Two tickets to Wheatus, baby - Regional News | Connecting Wellington
 Issue 259

Photo by Gabrielle White

 Issue 259

Photo by Gabrielle White

Two tickets to Wheatus, baby by Madelaine Empson

While Wheatus have visited Australia many times, “we’ve not yet been to beautiful NZ,” lead vocalist and guitarist Brendan B. Brown tells me. That’s all about to change when the New York pop rock band brings their 25 Year Anniversary Tour to our shores.

Released in 2000 as the lead single from their eponymous debut album, Teenage Dirtbag is a timeless anthem that’s arguably the biggest it’s ever been thanks to a resurgence on social media. The hashtag #teenagedirtbag has been viewed over two billion times worldwide. Some six self-released studio albums after the song first started storming the globe, we caught up with Brown about Wheatus: the past, present, and future.

Did you foresee any of the global domination – then and now – that Teenage Dirtbag might have?

Absolutely not.

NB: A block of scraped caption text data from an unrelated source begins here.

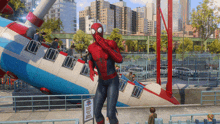 a man in a spiderman costume stands in front of a sign that says " no dogs "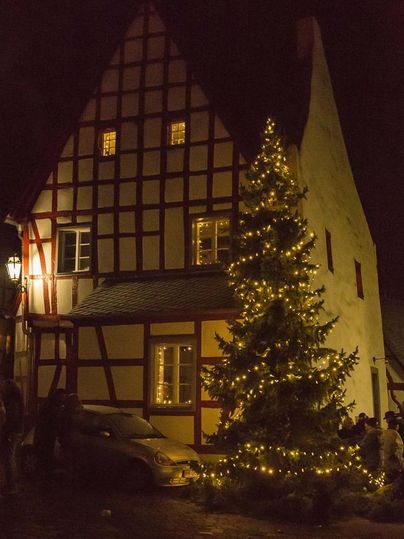 Een traditioneel vakwerkhuis met verlichte ramen in de nacht. Naast het huis staat een versierde kerstboom.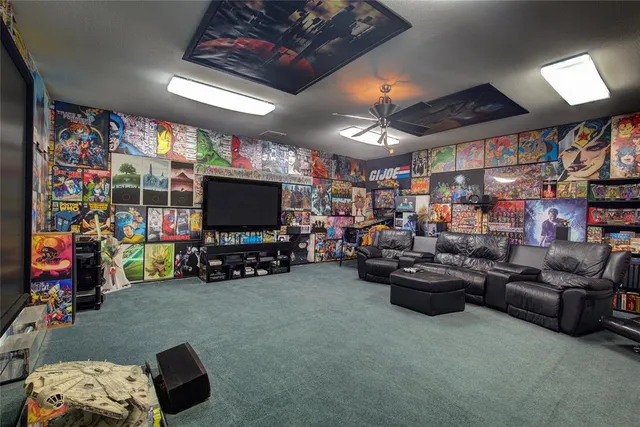 a living room with lots of furniture and a flat screen tv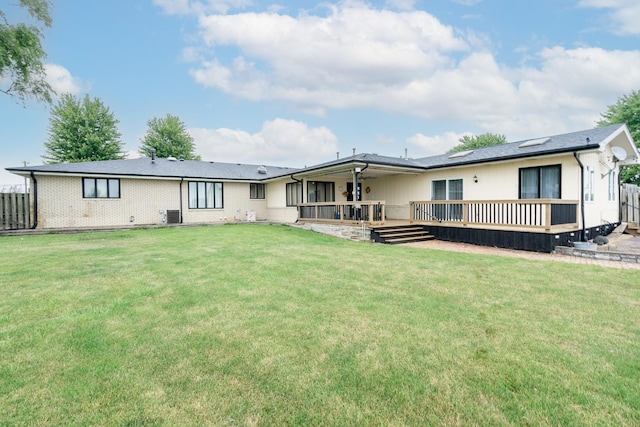 back of property featuring central AC, a deck, and a lawn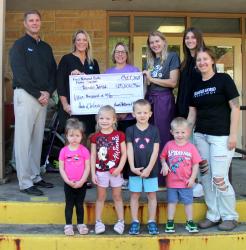 First National Bank Fulda-Slayton donated $15,000 toward the Wonder World Capital Campaign for the new childcare center. Pictured (L to R): Back - Brian Gass, Genell Hollahan, Kristin Petros, Amber Hartle, Hannah Frisk. Front - Tessa Cowan, Whitley DeLong, Gideon Radke, Baylor Salmon, and Brittany Carlson.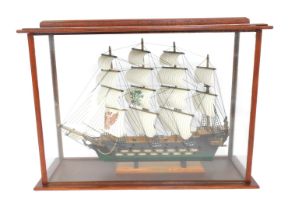 A scratch built model of a 16thC frigate, with four sails, 62cm wide, in a glass and wooden case, 60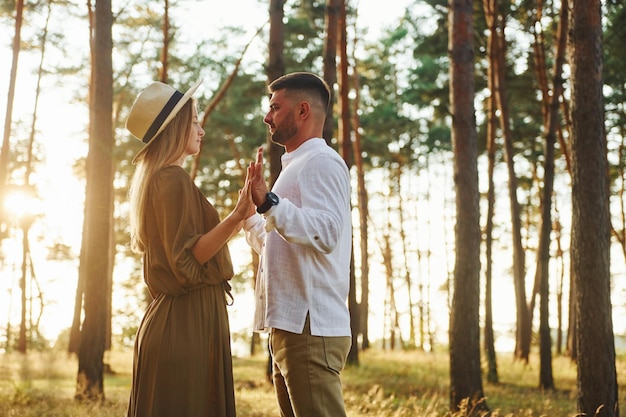 Un couple heureux est à l'extérieur dans la forêt pendant la journée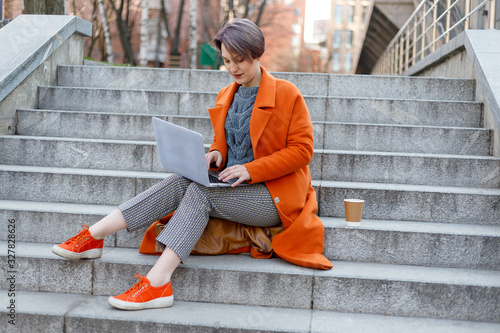 Stylish lady in bright orange coat in a city scene, using a laptop computer and working on it during a break. Outdoors technology. drinking coffee, tea, cocoa © Misha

I’d written it off as a single, thinking it was too long for radio.

In the 25 years since, what have been the most notable changes for the band and on the music scene? It’s been a heck of a quarter of a century!

It has been! I’ve been happy to see guitar music become more diverse and more technically progressive... a lot of the cool bands are les-bi progressive or heavy-hitting musical women and LBGTQIA+... Panic Shack, St. Vincent, and Amyl and The Sniffers come to mind. For us it’s been easier to find touring partners than it was in the past. I think our biggest musical change was adding Brandi Ticer on keys and three backing vocals. We’ve been able to explore more challenging ideas on the recent records as a result.

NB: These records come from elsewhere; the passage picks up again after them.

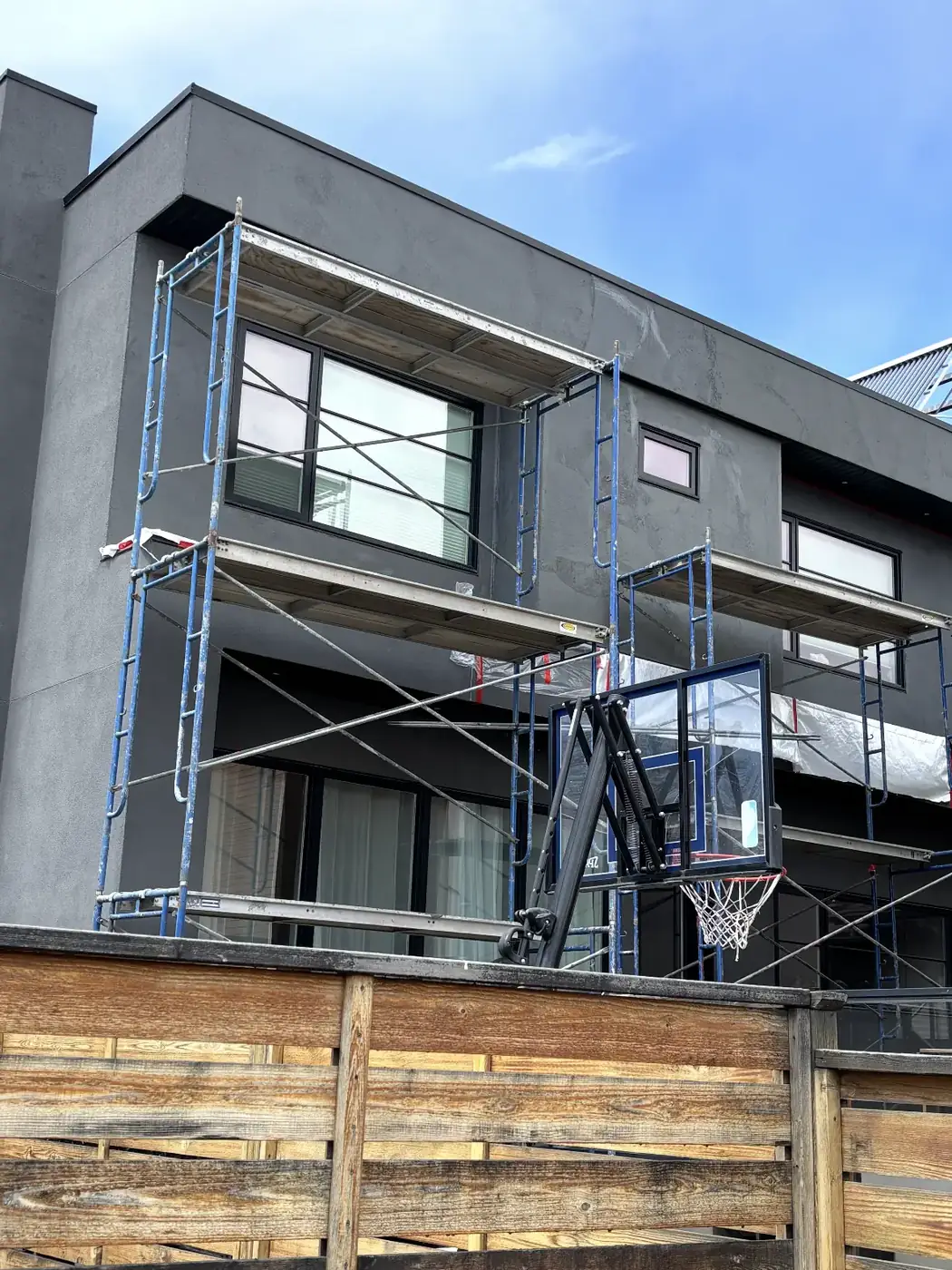 Full-wall application in progress on a Calgary home, scaffolding up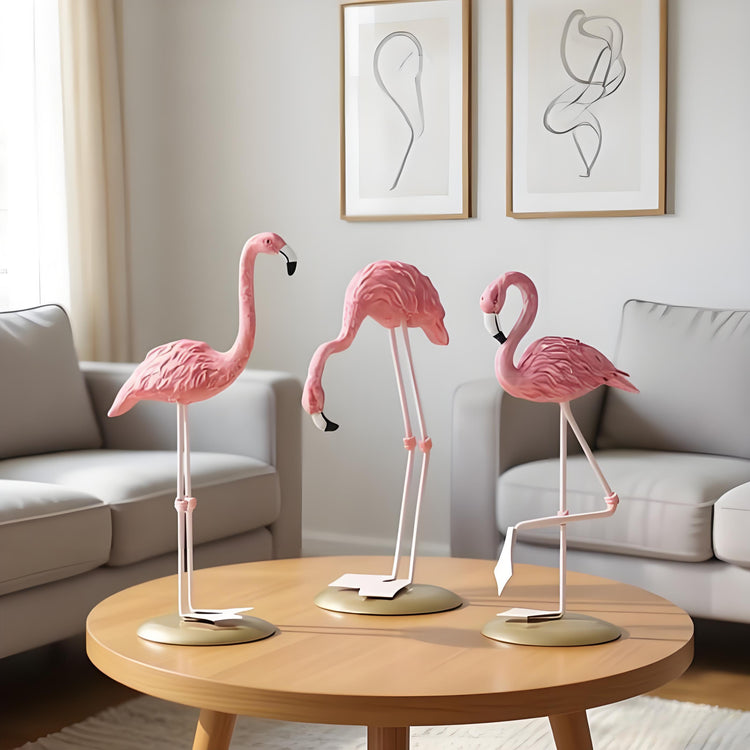 Three pink flamingo ornaments with gold-coloured stands on a coffee table.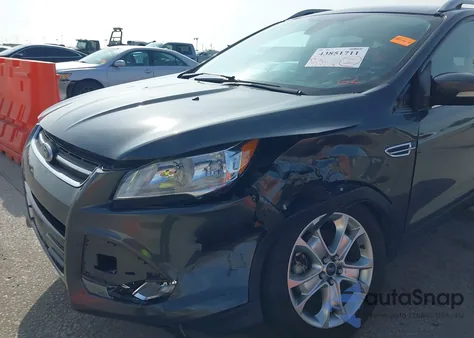 2015 Ford Escape Titanium from USA, damaged, VIN 1FMCU0J97FUA77640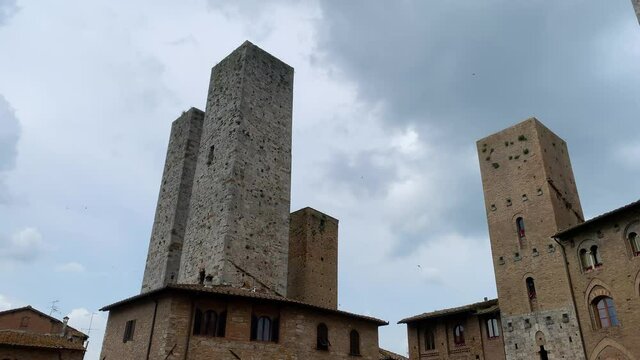 Old medieval architecture with towers in San Gimignano city, Italy - (4K)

Looking back at your debut to your more recent work – and I’d imagine this would’ve been particularly poignant when you did the expanded re-record in 2023 – how do you think your music has evolved? What do you make that music about now versus then?  

I think we’ve become far more mathy... Some of the stuff on The Valentine LP is insanely tricky, in spite of trying to keep it all very singalong. The lyrics these days could never have been a thought back then because we weren’t facing a return of overt fascism in the late 90s-2000s, as we are now. I wrote a song called Tipsy which was inspired by a convo I had with Liam Payne... but generally songs still come from everywhere: dreams, conversations, relationships, etc. 

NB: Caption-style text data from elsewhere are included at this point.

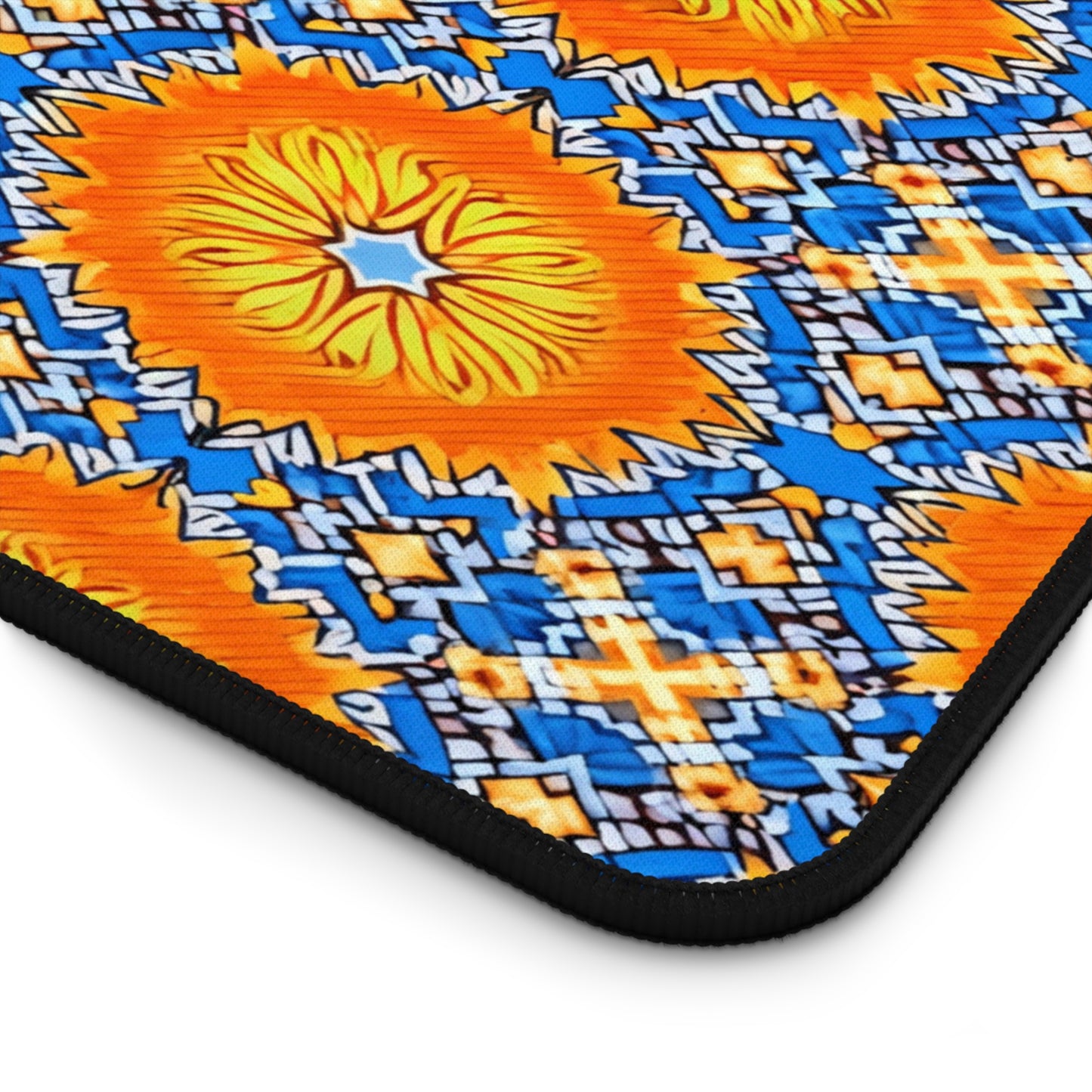 A close-up of a colorful workspace accessory, this neoprene desk mat features bright orange, yellow, and blue geometric designs. Large orange floral shapes with yellow centers are bordered by intricate blue and white patterns. The edge is black and slightly rounded.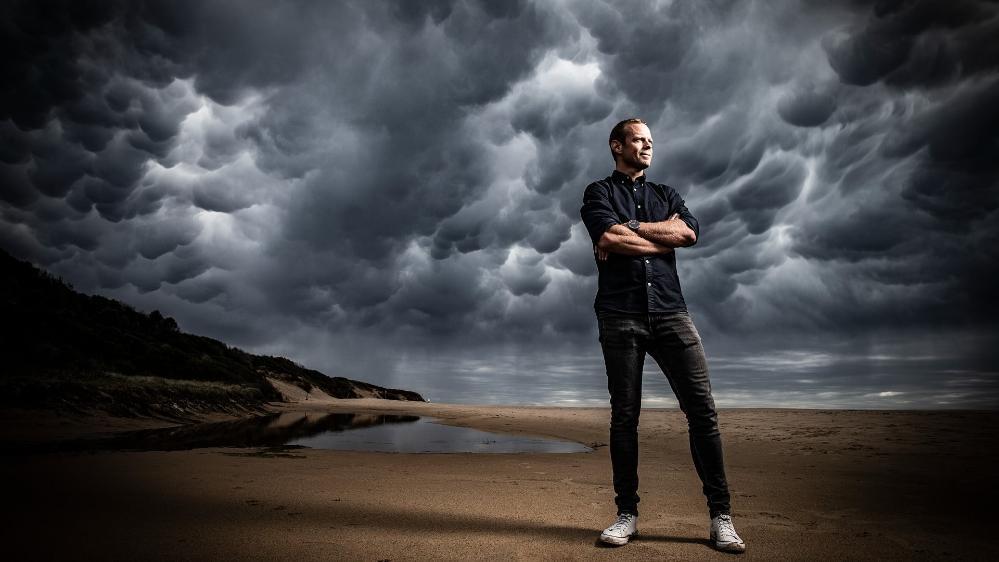 Hampus Eriksson, pictured standing at the beach against a cloudy sky. Photo: Paul Jones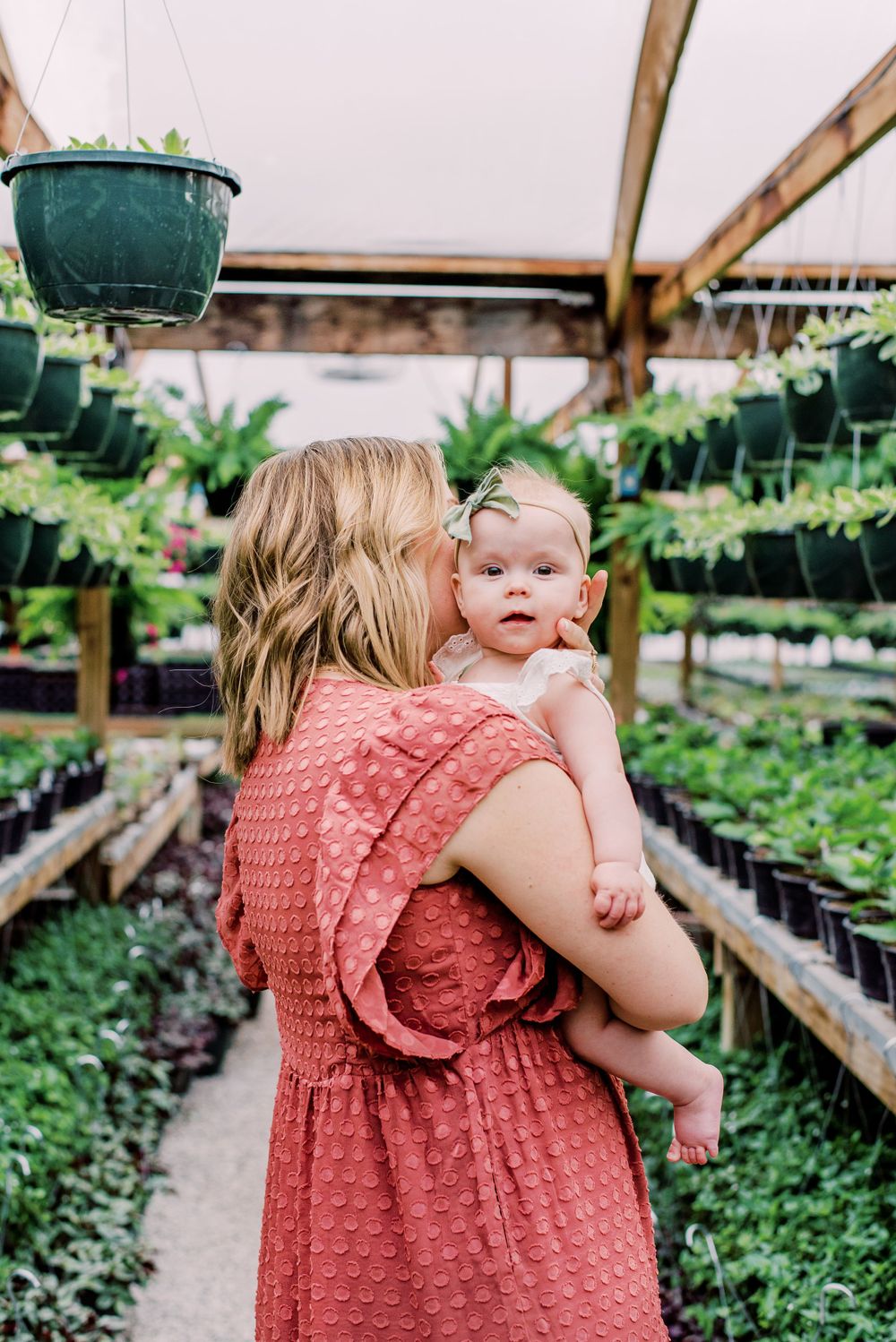 A coral dress-wearing woman holding a baby while shopping in a greenhouse nursery filled with potted plants and hanging baskets.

What kind of gig can Wellingtonians expect when you play San Fran on the 28th of January?

They can expect to call the entire set themselves. We don’t do setlists... years ago we started asking the audience to call the set and that’s how it goes now. We learn 60 or so tunes which is about 80 percent of our total repertoire. While we’re setting up, you’ll see me asking the front row what the first few songs are and we go from there... much better than a boring old setlist. We also have a few covers. See ya soon!